Intratumour microbiome of pancreatic cancer

Abstract

Pancreatic cancer is a high mortality malignancy with almost equal mortality and morbidity rates. Both normal and tumour tissues of the pancreas were previously considered sterile. In recent years, with the development of technologies for high-throughput sequencing, a variety of studies have revealed that pancreatic cancer tissues contain small amounts of bacteria and fungi. The intratumour microbiome is being revealed as an influential contributor to carcinogenesis. The intratumour microbiome has been identified as a crucial factor for pancreatic cancer progression, diagnosis, and treatment, chemotherapy resistance, and immune response. A better understanding of the biology of the intratumour microbiome of pancreatic cancer contributes to the establishment of better early cancer screening and treatment strategies. This review focuses on the possible origins of the intratumour microbiome in pancreatic cancer, the intratumour localization, the interaction with the tumour microenvironment, and strategies for improving the outcome of pancreatic cancer treatment. Thus, this review offers new perspectives for improving the prognosis of pancreatic cancer.

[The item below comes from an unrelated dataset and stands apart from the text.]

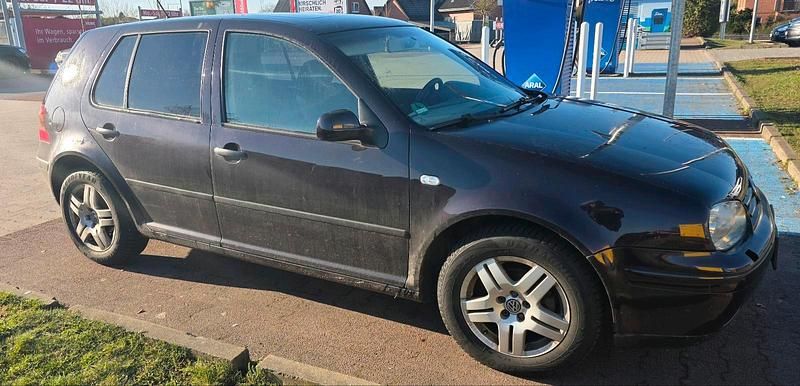 Gebraucht VW Golf IV 105 PS (77 kW) 2003 Rot Kleinwagen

Keywords: Chemoresistance; Diagnosis; Intratumour microbiome; Pancreatic cancer; Prognosis; Tumour microenvironment.

Figure 1

The origin and localization of the intratumour microbiome in pancreatic cancer. The microbiome in pancreatic ductal adenocarcinoma (PDAC) may originate from the gut and the oral cavity. The microbiome located in the oral cavity and gut can reach the pancreas via the pancreatic duct. But also exists the possibility of drainage via blood and lymph. The microbiome located in the gut migrates through the damaged intestinal epithelial barrier into the pancreas via venous blood, especially in the inferior gastrointestinal tract. In the case of oral microbiome, it can also enter the pancreas via the venous or lymphatic drainage. And the PDAC intratumour microbiome locates in tumour cells, immune cells and outside cells.

Figure 2

The intratumour microbiome-immune-pancreatic cancer axis. The intratumour fungi can activate the complement 3 (C3) complement cascade through the "lectin activation pathway". And C3a, as a fragment after C3 complement cascade reaction, promotes pancreatic ductal adenocarcinoma (PDAC) cells proliferation by binding to C3a receptors on the surface of cancer cells. Moreover, the intratumour fungi (Malassezia globosa or Alternaria alternata) and their cell-free extracts facilitate interleukin (IL)-33 secretion through activation of the dectin-1 receptor-mediated Src-Syk-CARD9 pathway. And IL-33 secretion promotes T helper 2 cell, group 2 innate lymphoid cells and Tregs enrichment in tumour microenvironment (TME), thus promoting PDAC progression. The intratumour bacteria promotes the secretion of neutrophil chemokines in the TME of PDAC thereby promoting tumour-associated neutrophils 2 (TAN2) enrichment in the TME. A portion of the effect of TAN2 may be through neutrophil extracellular traps. The PDAC intratumour bacteria also reduces the TAM1 polarization and decreased the antigen-presenting ability of TAM1 though through activation of toll-like receptors (TLR)2 and TLR4 on the surface of cells. TAM1 inhibition is accompanied by an increase in TAM to TAM2 conversion. It also promotes the secretion of IL-1β through TLR4 on the surface of PDAC cells. And IL-1β secretion promotes TAM2 activation through an indirect pathway that activates pancreatic stellate cells. Finally, the high diversity of intratumour microbiome promotes the activation of CD8⁺ T cells, which inhibits PDAC. C3: Complement 3; PDAC: Pancreatic ductal adenocarcinoma; Th2: T helper 2 cell; ILC2: Group 2 innate lymphoid cells; TME: Tumour microenvironment; TAN2: Tumour-associated neutrophils 2; NETs: Neutrophil extracellular traps; TAM: Tumour-associated macrophages; TLR: Toll-like receptors; PSCs: Pancreatic stellate cells.